Despite these still-daunting figures MADD has not yet proposed a system
whereby adults and minor children are encouraged to report signs of
problem drinking or alcoholism among their peers–information that may
eventually be shared with mental health practitioners, law enforcement,
and perhaps federal lettered agencies. Parents and taxpayers should be
concerned that SHP is doing exactly this to address a verifiably
negligible problem.
Sandy Hook Promise is spearheading an unprecedented form of nonprofit
activism based on mediated events that remains in question. It is
profiting handsomely from the public’s misperception of mass shootings
that has been cultivated by news media’s misreporting and overall
distorted coverage.
SHP has flourished as a result of the undue media sensationalism of
shootings that is substituted for true journalistic investigation of
such events. This has succeeded in creating the perceived need for SHP
and its mission to transform teachers and students into a de facto
intelligence-gathering force.
At its heart the gun control activism that appeared to naturally spring
from the Sandy Hook massacre event is a central part of the Democratic
Party’s platform. These “activists” and their incessant pleas for public
empathy were featured front-and-center in Hillary Clinton’s failed
presidential bid. Unsurprisingly they are part of the Democrats’

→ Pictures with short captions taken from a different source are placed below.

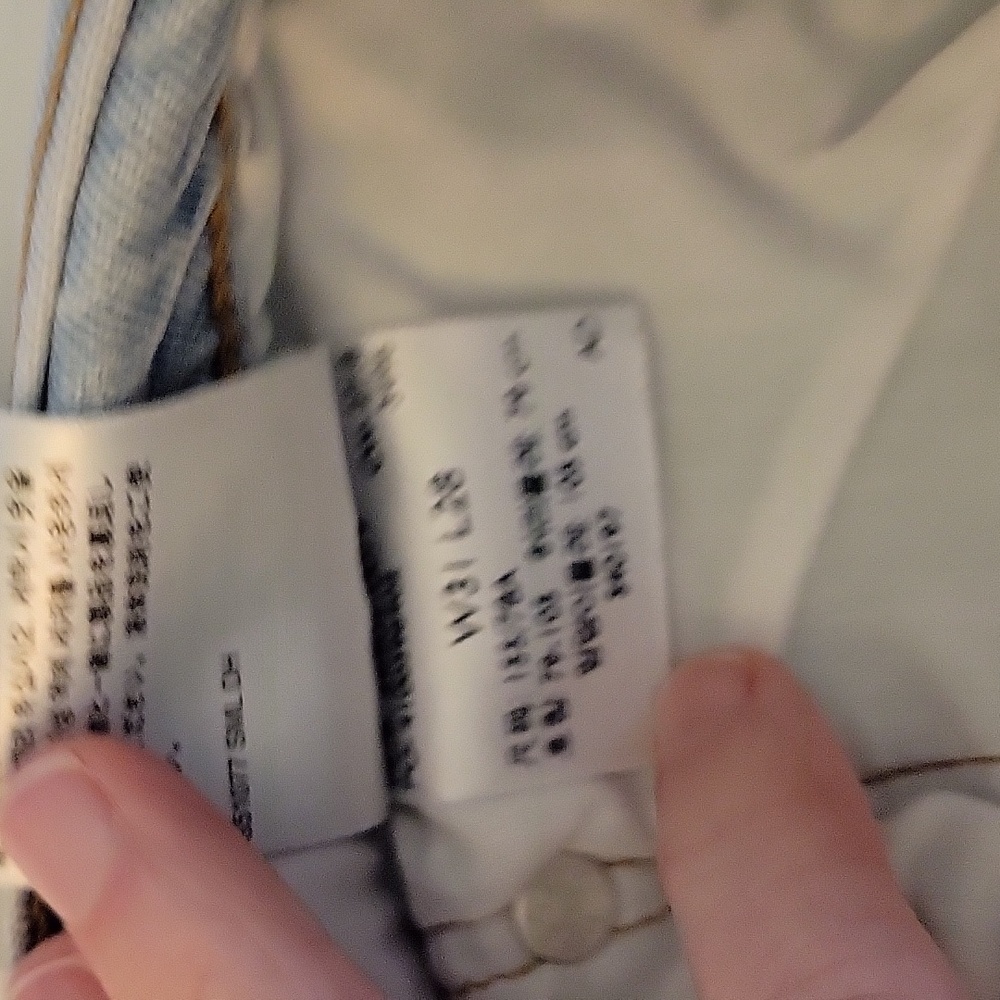Levi's Distressed Jeans - Picture 9 of 10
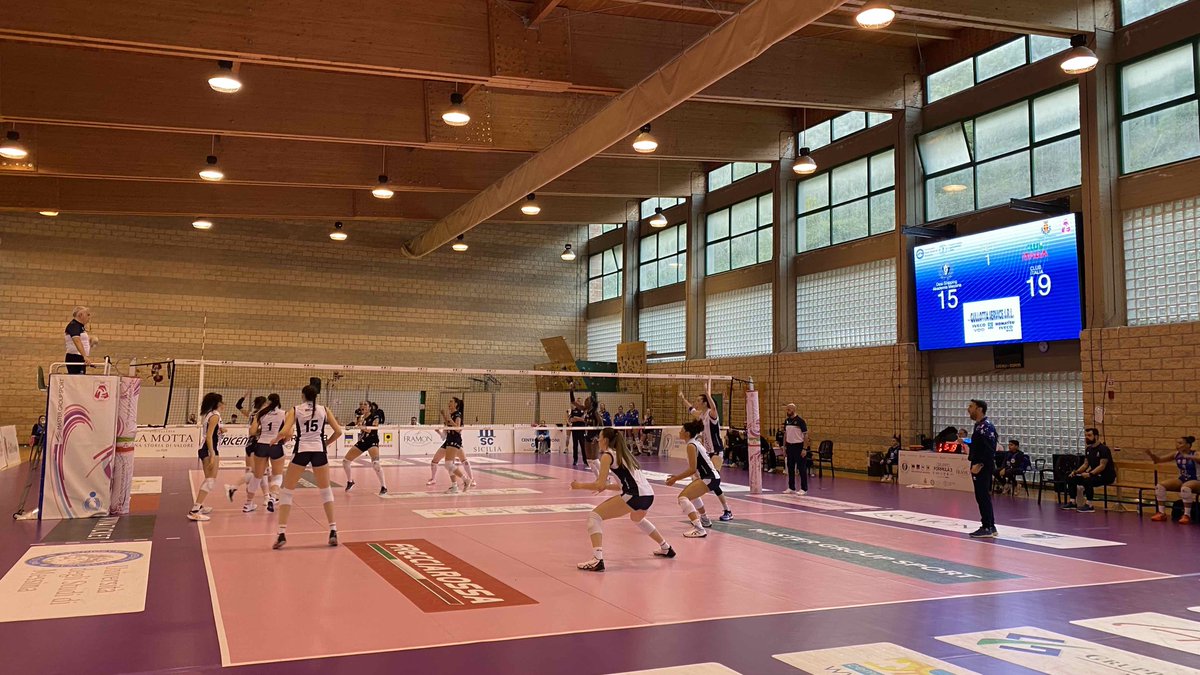 ClubItaliaFemm's tweet photo. #SerieA2F #PoolSalvezza
Carattere e buon gioco non bastano alle #azzurrine π
A Messina il #ClubItaliaF cede 3-1 (25-23, 19-25, 25-18, 25-22) nel match con Desi Shipping Akademia Sant'Anna
π La news β‘οΈ https://t.co/XNi8b9bW26
@Federvolley @LegaVolleyFem https://t.co/baQSdkWHHY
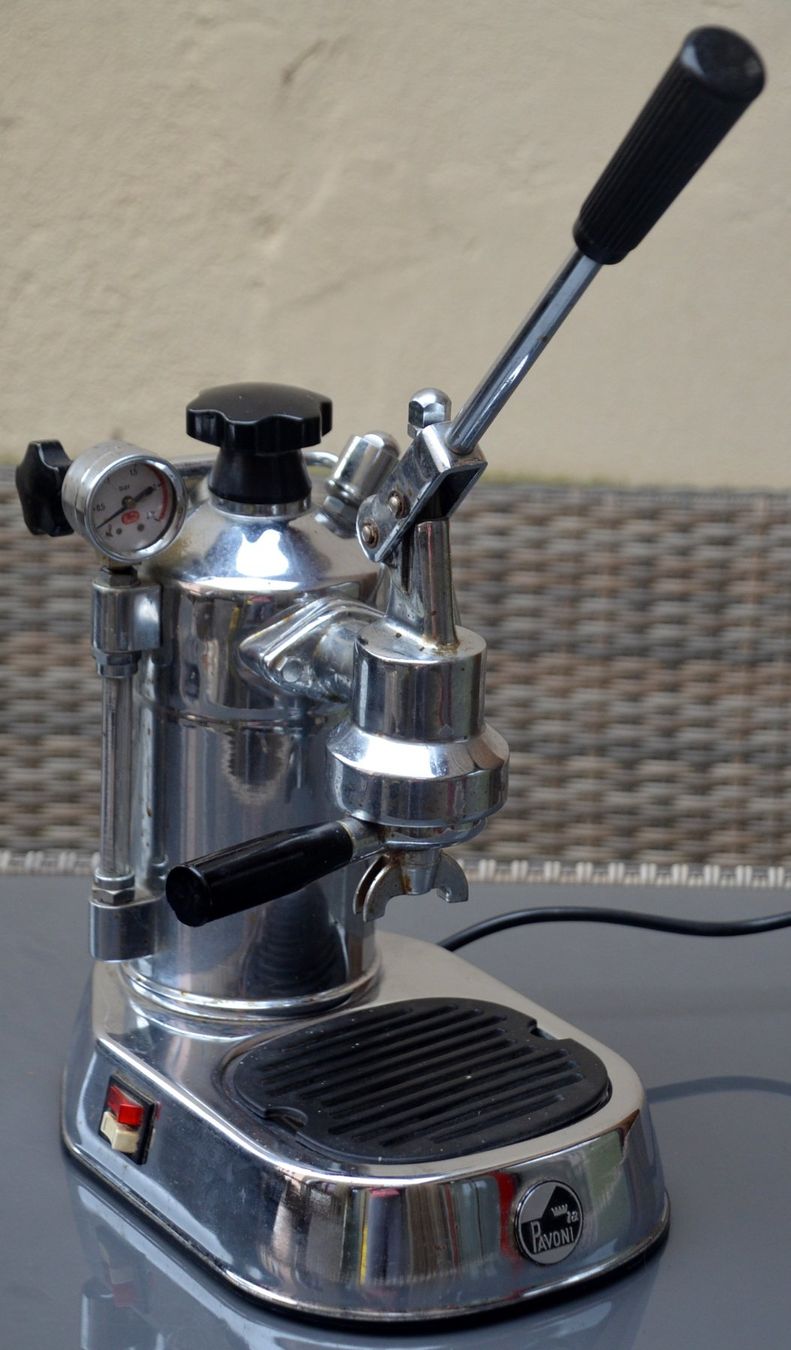 La Pavoni Kaffeemaschinen & Espressomaschinen: La Pavoni Professional Kaffeemaschine / machine à café – Gebraucht aus Collonges von arashee 5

strategy to retake control of the federal apparatus in the the 2018
midterm elections.
SHP’s bid to turn public schools into peer surveillance projects using
the backdrop of an almost non-existent epidemic constitutes yet another
chapter of progressives’ long-running and quixotic preoccupation with
social engineering. This historic fascination with such well-intentioned
“fixes” began with the formation of modern schooling in the mid-19th
century and its eventual application of psychological and Taylorist
methods to classroom instruction fifty years later.
By effectively teaching suspicion, surveillance, and deference to
omniscient state authority, SHP’s “Say Something” takes this step
further, suggesting to children that the “greater good” of preventing a
future mass shooting should take precedent over trust and a respect for
individuality, personal privacy, and organic community.